Valentine’s Day Dinner Recipes: Save your energy for after dinner
It’s that time of year. Valentine’s Day is less than a week away. If you haven’t made reservations already, what were you thinking??? Not to worry. You can always stay in and cook for that special someone. I know that cooking can be stressful for some, especially if you’re in a new relationship, have never cooked for your significant other before, or are unsure about your prowess in the . . . kitchen.
I’ve put together a stress free Italian-themed meal that will address all the major concerns: it’s easy; it’s light, but satisfying; and it ends with a hit of espresso to keep your energy levels up.
Start with an antipasti platter. There is no one recipe for this. Usually, it includes cheese, cured meats, and extras like vegetables, olives, and/or nuts. When I put a platter together, I like to choose two cheeses – one that is soft and gooey (e.g., brie) and one that is harder (e.g., manchego). I add two cured meats like salami and prosciutto. Instead of serving the prosciutto in a nice heaping mound, try this alternative: lightly dress some arugula with salt, olive oil and balsamic vinegar (note: I would use a 3-to-1 oil-to-vinegar ratio). Wrap a slice of prosciutto around a bite-size bunch of arugula and secure it with a toothpick. Make a little extra dressing to drizzle over the finished bundles. Finish off the platter with some crackers and olives or marinated artichoke hearts.
For the main course and dessert, I suggest shrimp scampi and affogato (recipes after the jump). Some of you may think that shrimp scampi is boring, but I love its simplicity and the contrast between the heat of the red pepper flakes and the brightness of the lemon and fresh parsley. Affogato, which literally means drowned in Italian, is simply hot espresso poured over ice cream or gelato and topped with whipped cream.
Full recipes after the jump.
1/2 lb of shrimp (16/20 size), peeled and deveined
8 oz of linguine (fresh or dry)
1 tbsp olive oil (plus extra for garnish)
1 clove garlic, minced (go light on the garlic!)
1 tsp lemon zest
Juice of 1/2 lemon
1/4 cup white wine
1 tbsp butter
1/2 tbsp fresh parsley, finely chopped
Red pepper flakes (to taste)
Fill a large pot with water and bring to a boil. Add a few big pinches of salt to the water and then add the pasta. Stir to prevent pasta from sticking together. Depending on the type of pasta you use, try to time the pasta so that it is ready around the same time as you’re ready to drop it into the saucepan filled with the shrimp mixture described below. Cooking tip: When the pasta is somewhere between chewy and mushy, it’s ready. Drain the pasta, but reserve about half a cup of the cooking water.

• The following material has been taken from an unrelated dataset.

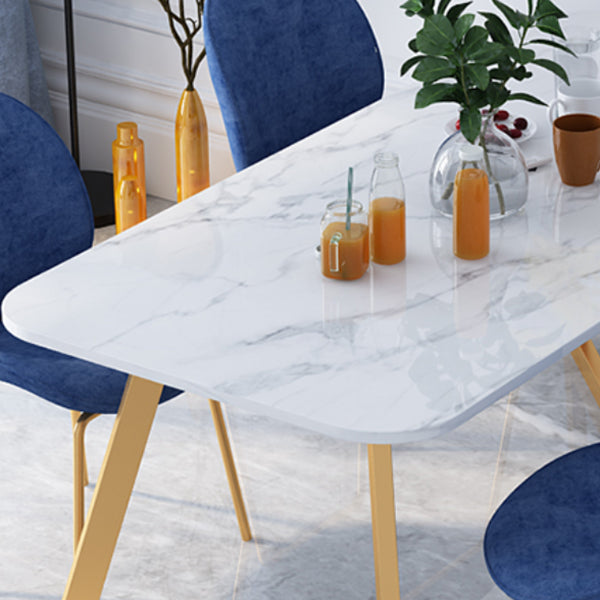 Nordic 1/5 Pieces Dining Set Rectangle Stone Dining Table for Dining Room Kitchen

In a large saucepan, heat the olive oil over medium heat. Add the shrimp and sauté for a few minutes until you see a hint of pink (2 minutes). Season with salt and add the minced garlic, butter, parsley and red pepper flakes. Add the white wine to deglaze the pan (i.e. scrape any brown bits off the bottom of the pan) and continue cooking until shrimp are completely pink. Add the cooked pasta, lemon zest and lemon juice to the saucepan. Stir to combine and cook for about a minute longer so the pasta absorbs the pan sauce. If the pan is too dry right after you add the pasta, add a tablespoon or two of the pasta water to the pan.
Divide the pasta and shrimp between two plates and top with a drizzle of olive oil and a sprinkle of red pepper flakes.
1 pint of vanilla ice cream or gelato
1/2 c hot water
1 tbsp instant espresso
1/3 cup heavy cream (or store-bought whipped cream)
2-3 tbsp sliced almonds or a few amaretti cookies, crushed
Add the espresso to the hot water and mix until completely dissolved. In a bowl beat the heavy cream until soft peaks form. In two dessert bowls or glasses, place one or two scoops or ice cream (or gelato). Pour 2 tbsp or a shot of espresso over the ice cream in each bowl. Top each with sliced almonds or crushed amaretti. Serve immediately. Buon appetito!